Gambling Tax Hike Could Potentially Fill the Budget Gap
The British Treasury is considering an increase in gambling taxes as it could raise revenue ahead of the next budget. Rachel Reeves, Chancellor of the Exchequer, claims that the government must raise £30 billion before the politically challenging budget, without raising VAT, income tax, or employee national insurance.
Considering the constraints, the government is considering alternative revenue sources and raising gambling taxes seems like the most obvious choice. It will fill the fiscal void without burdening the general population. Earlier this year, the government proposed streamlining and consolidating betting taxes.
Presently, betting taxes range between 15% and 21%. The updated tax regime may set a blanket rate closer to the current upper limit, in light of the financial pressure. The gambling industry is the most likely candidate for the tax hike due to its perceived political acceptability.
Unlike raising taxes on public welfare commodities and services, higher duties on gambling and betting are met with less public resistance, making them the ideal choice for policymakers. The timing of this tax hike is particularly notable as the British Treasury and the Gambling Commission are in the middle of a debate to unify three tax regimes.
What Lies Ahead for British Gambling Operators?
At present, gambling operators pay between 15% and 21% on the type of betting products they offer. The new duty revision is expected to replace this regime with a single, higher tax rate. The government initiated the consultation in April 2025, intending to simplify the gambling tax structure.
Experts had already predicted that any new tax hike would likely fall on the higher side of the price spectrum. This is not the first time that lawmakers have floated the idea of consolidating gambling taxes. The British treasury had been considering a £3 billion duty hike for quite some time.
The Institute for Public Policy Research’s (IPPR) report partially inspired this report. The IPPR had suggested a more aggressive tax hike, such as increasing the general betting duty from 15% to 30%, raising the remote betting duty to 50%, and taxing high-risk products more heavily as part of a harm-based scale.
While these suggestions were never formally recognised, they reflect the growing calls from advocacy groups in the UK to levy higher taxes to minimise the side effects of gambling. However, the suggestion has been met with strong criticism from betting operators.
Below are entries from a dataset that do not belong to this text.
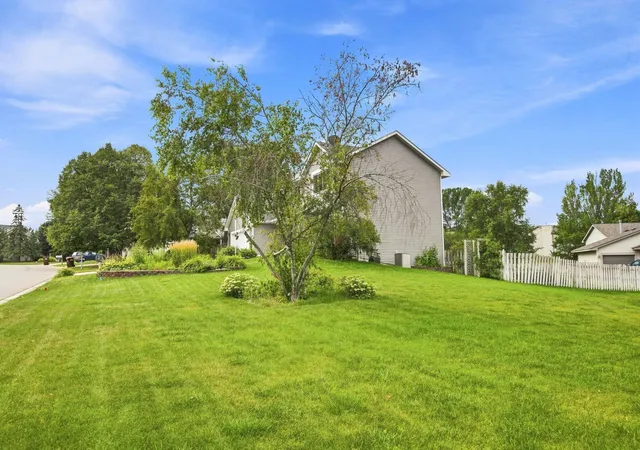 45th image of 2610 Hydram Ave N, Saint Paul, MN 55128 | MLS# 7128000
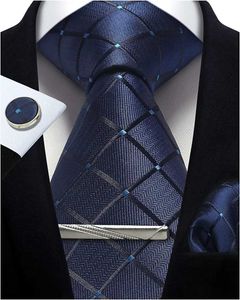 Neck Tie Set Classic 100% Silk Mens Band i presentförpackning 8cm Plaid Dot randig affärsslipsarduk Manschettknappar Bröllopsfest slipsuppsättning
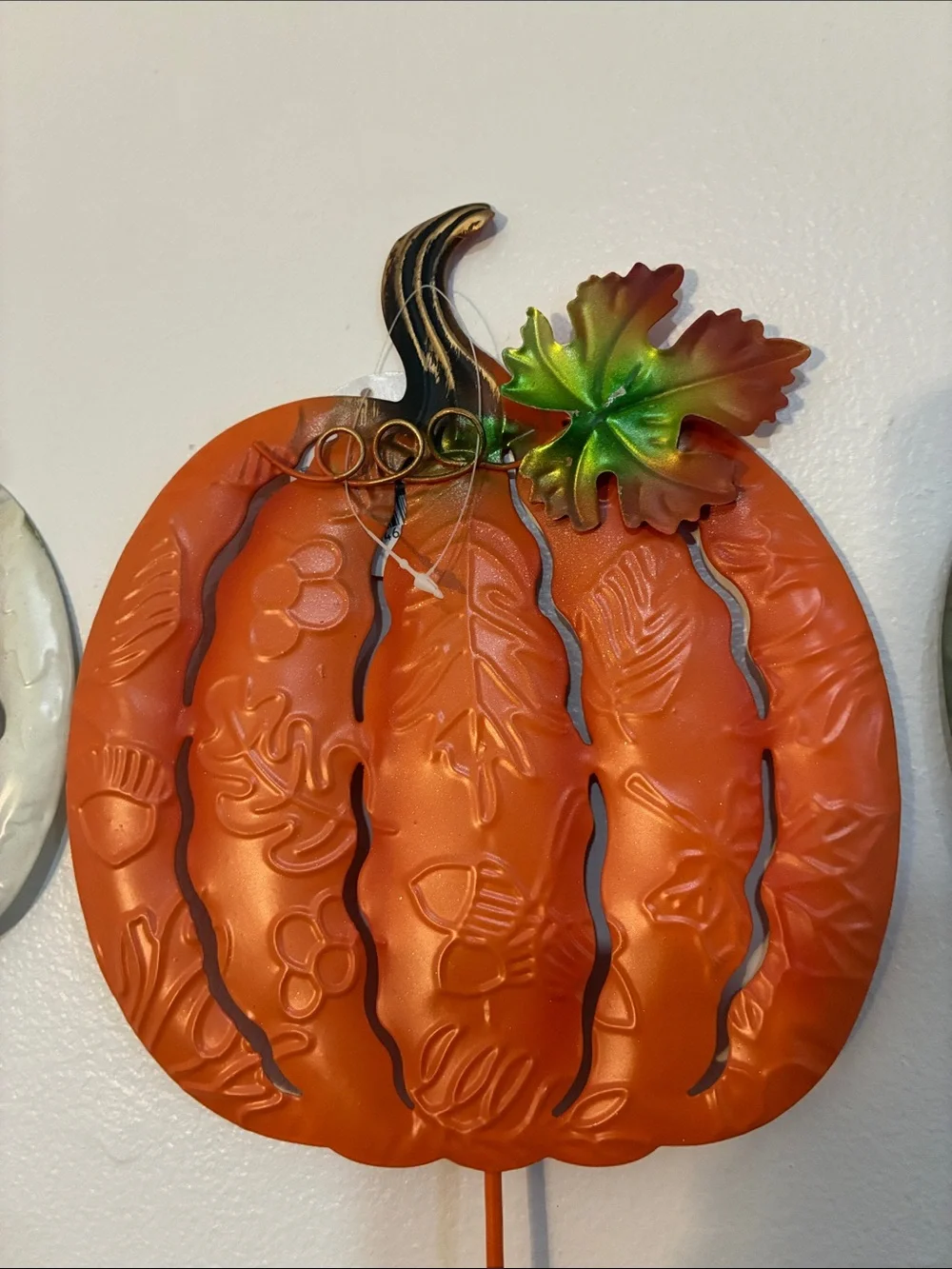 NWT- Set of 3- Embossed Leaf Design- Metal Pumpkin Yard Stakes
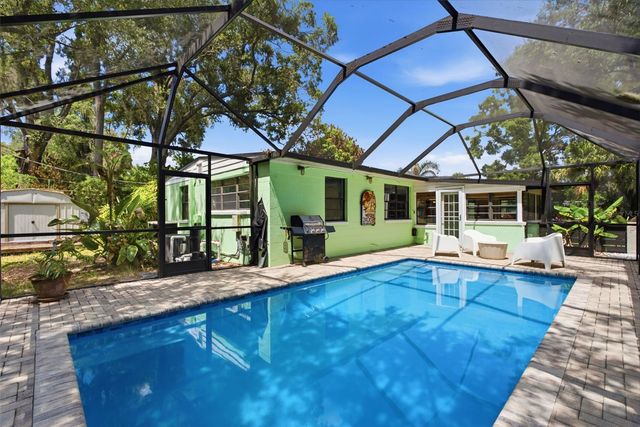 609 W RIVER DRIVE, Tampa, FL 33617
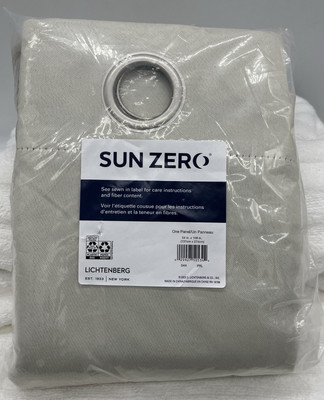 Sun Zero Easton Blackout Energy Efficient Grommet Curtain Panel 54X108 Pearl New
The Betting and Gambling Commission (BGC) has strongly reacted to speculations of a tax revision. Grainne Hurst, the CEO of the BCG, said:
“I want to be very clear with government: Any further tax rises will not only slam the brakes on growth for our sector, but it will threaten jobs and completely derail horseracing.”
The British Horseracing Authority (BHA) launched its “Axe the Tax” campaign to rally against the government’s proposed tax hike on remote gambling. The campaign states that the proposed duty reforms would weaken the financial sustainability of the sport and thwart future growth projections.